> PROBLEM STATEMENT: Your copy should hold exactly the lines from the beginning of the listing below through the line with "These steps are", without any pictures.

> DATASET CONTENT:
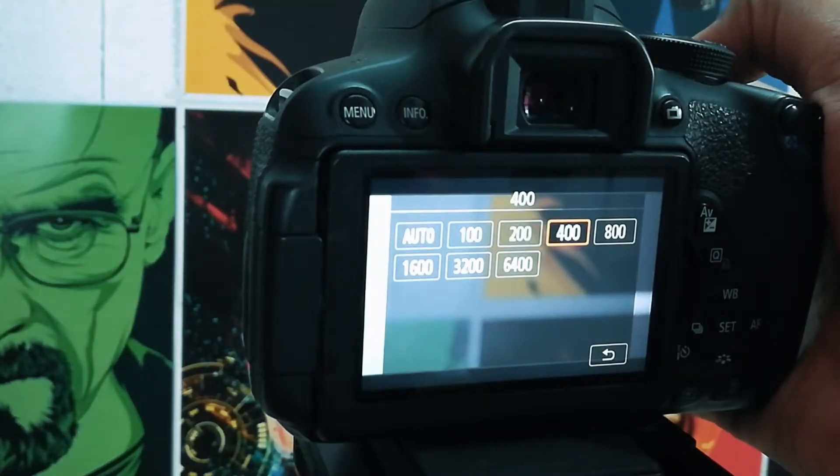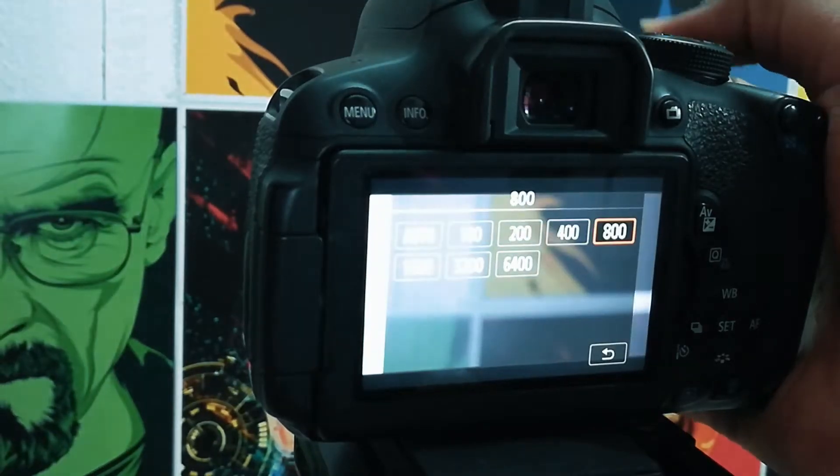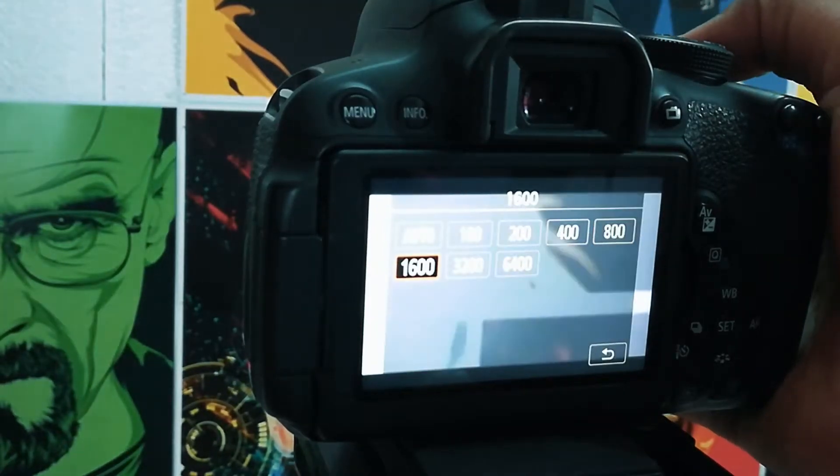ISO is mentioned in the camera sensor. Basically, ISO values are increased by 100, 200, 400, 800.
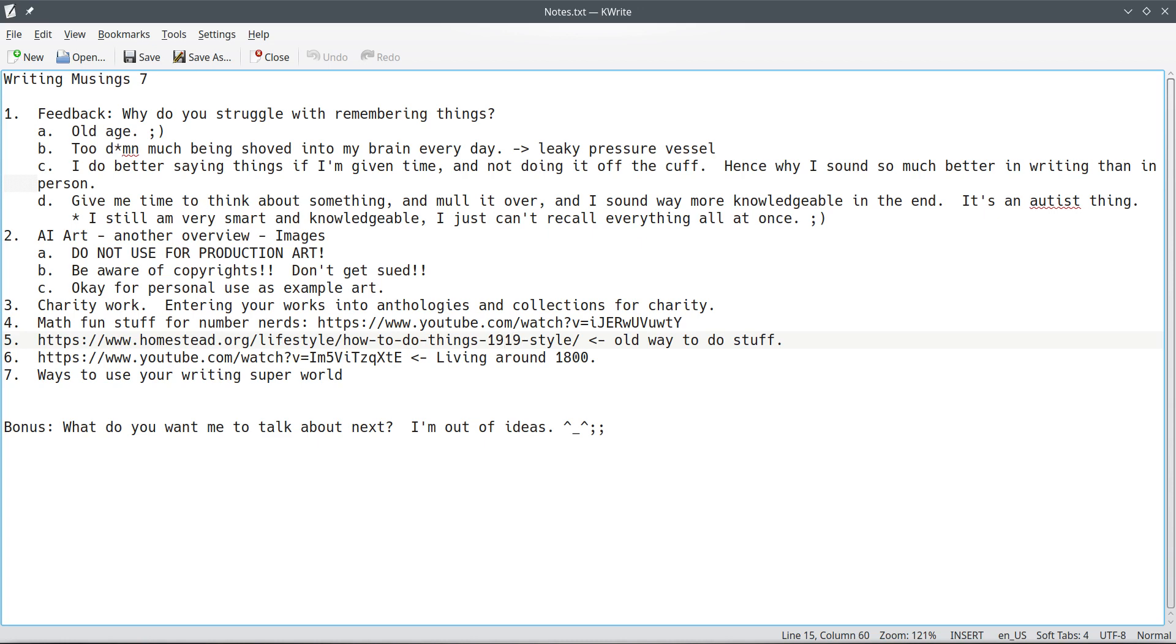colonization. Because like if you, even on a sci-fi, you land people on a planet, you're not, you know, when those guys hit the dirt, there's not going to be any infrastructure, you know, they're going to be going back to 1850s, 1820s, early 1800 style living.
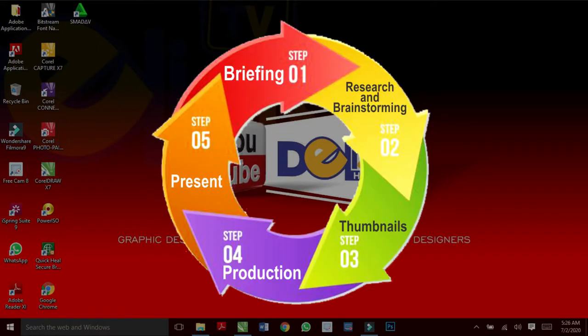These steps are briefing, research and brainstorming, thumbnails, production, as well as presentation.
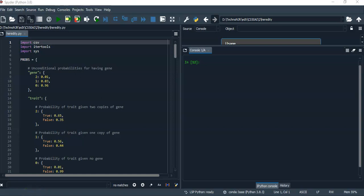Hello, this is CS50AI 2020's Project 2b: Heredity. I have implemented all the functions with specifications as mentioned in the project description, and I have also defined several functions of my own to calculate various probabilities.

> SOLUTION TO THE EXERCISE:
ISO is mentioned in the camera sensor. Basically, ISO values are increased by 100, 200, 400, 800.
colonization. Because like if you, even on a sci-fi, you land people on a planet, you're not, you know, when those guys hit the dirt, there's not going to be any infrastructure, you know, they're going to be going back to 1850s, 1820s, early 1800 style living.
These steps are briefing, research and brainstorming, thumbnails, production, as well as presentation.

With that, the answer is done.